Quant aux sanctions applicables, la chambre sociale rappelle à bon escient que les dispositions du Code du travail relatives à la rupture du contrat de travail à durée indéterminée n'étant pas applicables pendant la période d'essai, la nullité de la rupture pendant cette dernière en raison d'une discrimination n'ouvre pas droit à l'indemnité de préavis pour le salarié ; qui plus est, le salarié peut obtenir non pas une indemnité pour licenciement illicite et les indemnités de rupture, mais des dommages et intérêts en réparation de son préjudice (Cass soc. 12 septembre 2018 pourvoi n° 16-26333)          
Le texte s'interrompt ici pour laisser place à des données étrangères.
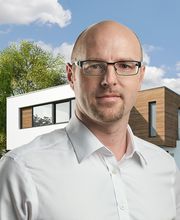 Ein Mann mit Brille vor einem modernen Haus, Bäume im Hintergrund, sonniger Himmel.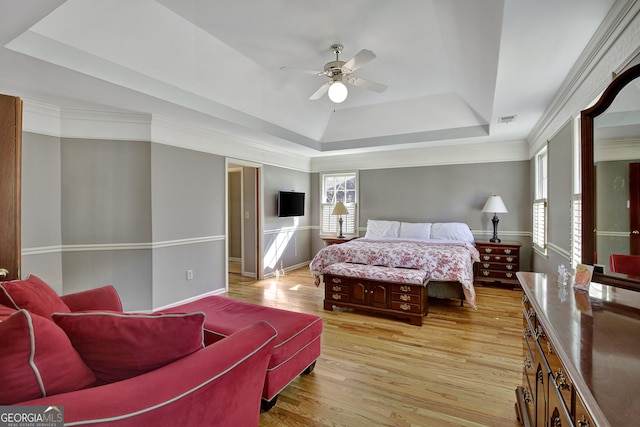 bedroom with a tray ceiling, ornamental molding, ceiling fan, and light wood-type flooring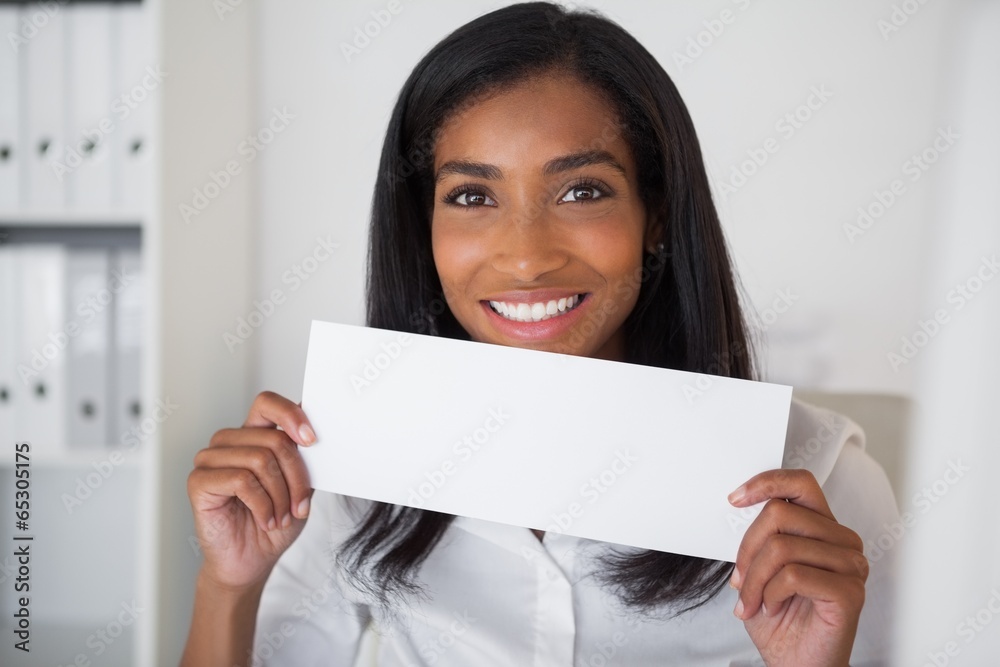 Pretty businesswoman showing white card at her desk Pretty businesswoman showing white card at her desk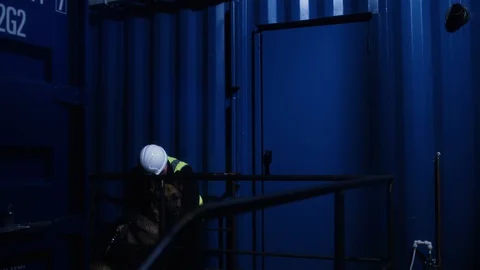 Wide shot as worker is caught sleeping on the job on nightshift at a Video stock 128796289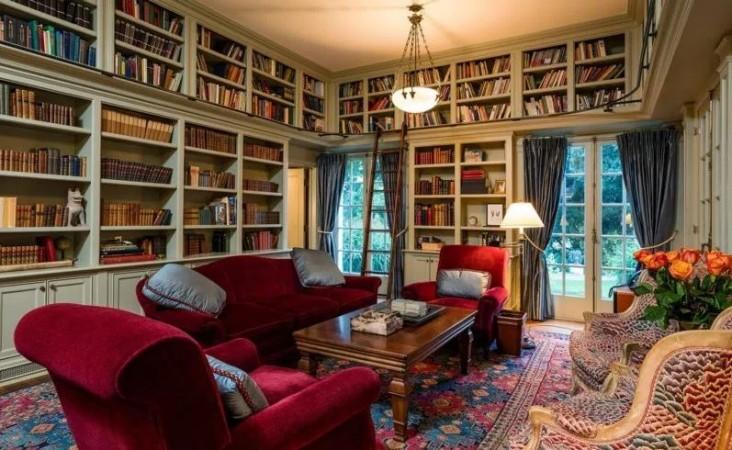 The library with floor to ceiling shelves Angelina Jolie home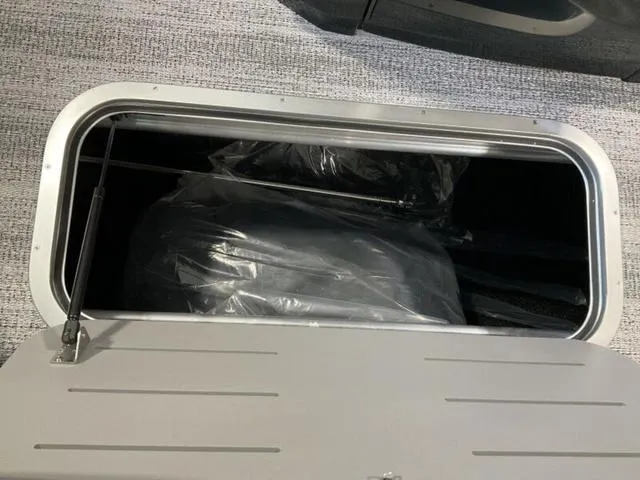 Slide: The Image of Storage compartment of 2025 Bennington 24 MFB boat, open with visible contents. - 22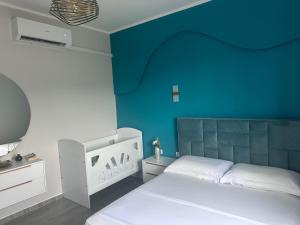 a bedroom with a blue wall and a bed at Erdi's Home in Berat
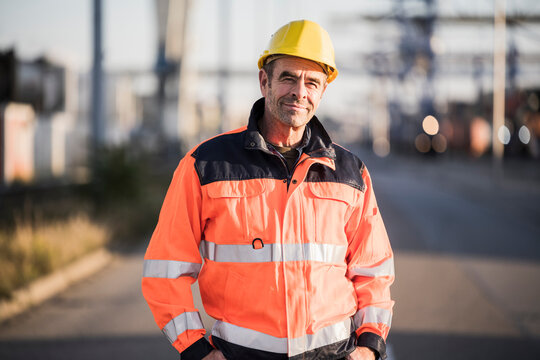 Confident male dock worker at industry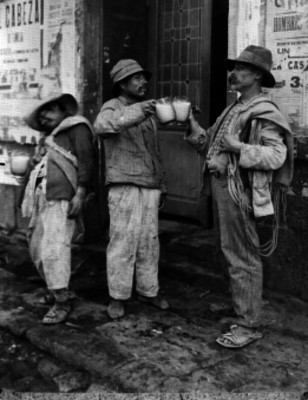 Cargadores brindando con pulque en una calle de la ciudad de México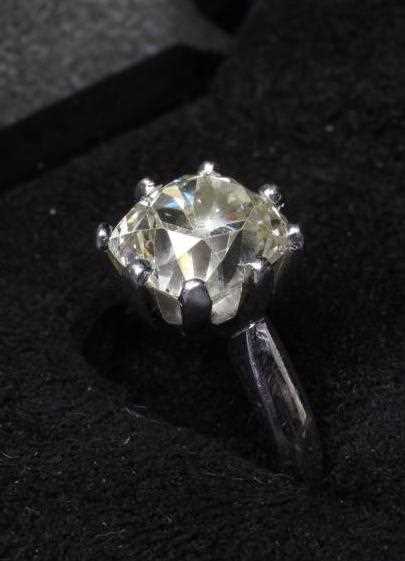 A SOLITAIRE DIAMOND RING, the cushion cut stone of 5.19cts, claw set to a plain platinum shank, size - Image 3 of 8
Contrôle URSSAF : obligation d’envoi d’un avis de contrôle

Suivant l’article R 243-59 du Code de la sécurité sociale, tout contrôle est précédé de l'envoi par l'organisme chargé du recouvrement des cotisations d'un avis adressé au cotisant, au moins quinze jours avant la date de la première visite de l’agent chargé du contrôle, sauf en cas de travail dissimulé. Il s’agit d’une formalité substantielle en l’absence de laquelle la procédure de contrôle serait empreinte de nullité.
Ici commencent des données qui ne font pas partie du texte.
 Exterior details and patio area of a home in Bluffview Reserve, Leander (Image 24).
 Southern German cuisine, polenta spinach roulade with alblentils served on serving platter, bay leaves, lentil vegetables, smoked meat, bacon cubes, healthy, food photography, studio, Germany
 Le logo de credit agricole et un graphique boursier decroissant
Peu de précision n'est donnée par les textes sur le contenu de l'avis, hormis la date de la première visite, la possibilité de se faire assister d’un conseil et l’adresse électronique de la " Charte du cotisant contrôlé ". Très souvent, pour des raisons pratiques, les organismes de recouvrement indiquent dans cet avis la liste des documents à préparer pour la vérification (toutefois, cette liste n'est qu'indicative, et l'inspecteur peut, au cours du contrôle, exiger la production de pièces complémentaires : Paris. Pôle 6 - Chambre 13. 30 mars 2018 RG n° 15/11350). Cependant, le fait que le document ne soit pas signé ne constitue pas un manquement à une formalité substantielle permettant d'annuler le redressement (Lyon Sécurité sociale.16 janvier 2018 RG n° 16/09070)

En cas de litige, c’est à l’URSSAF à apporter la preuve de l’envoi de ce document (Paris. Pôle 6, chambre 12. 28 avril 2014. RG n° 13/08188). Qui plus est, en l’absence de mention de la « Charte du cotisant contrôlé » (Cass civ.2°. 18 septembre 2014. pourvoi n° 13-17084) ou de la mention de la possibilité de se faire assister d’un conseil (Versailles. Chambre 5. 28 août 2014. RG n° ° 13/00517), la procédure de contrôle serait nulle.

La jurisprudence a également fixé les limites de ce formalisme. Elle a ainsi décidé qu’était suffisamment explicite l’avis de contrôle qui précisait que la période contrôlée commencerait " à compter du 1er janvier 2009 ", alors que le cotisait soutenait que cette notion ne lui permettait pas de déterminer les exercices susceptibles d'être vérifiés (Douai Chambre Sociale. sécurité sociale. 31 mai 2018 RG n° 16/01334)

Le barème de dommages intérêts pour licenciement sans cause réelle ni sérieuse est il légal ?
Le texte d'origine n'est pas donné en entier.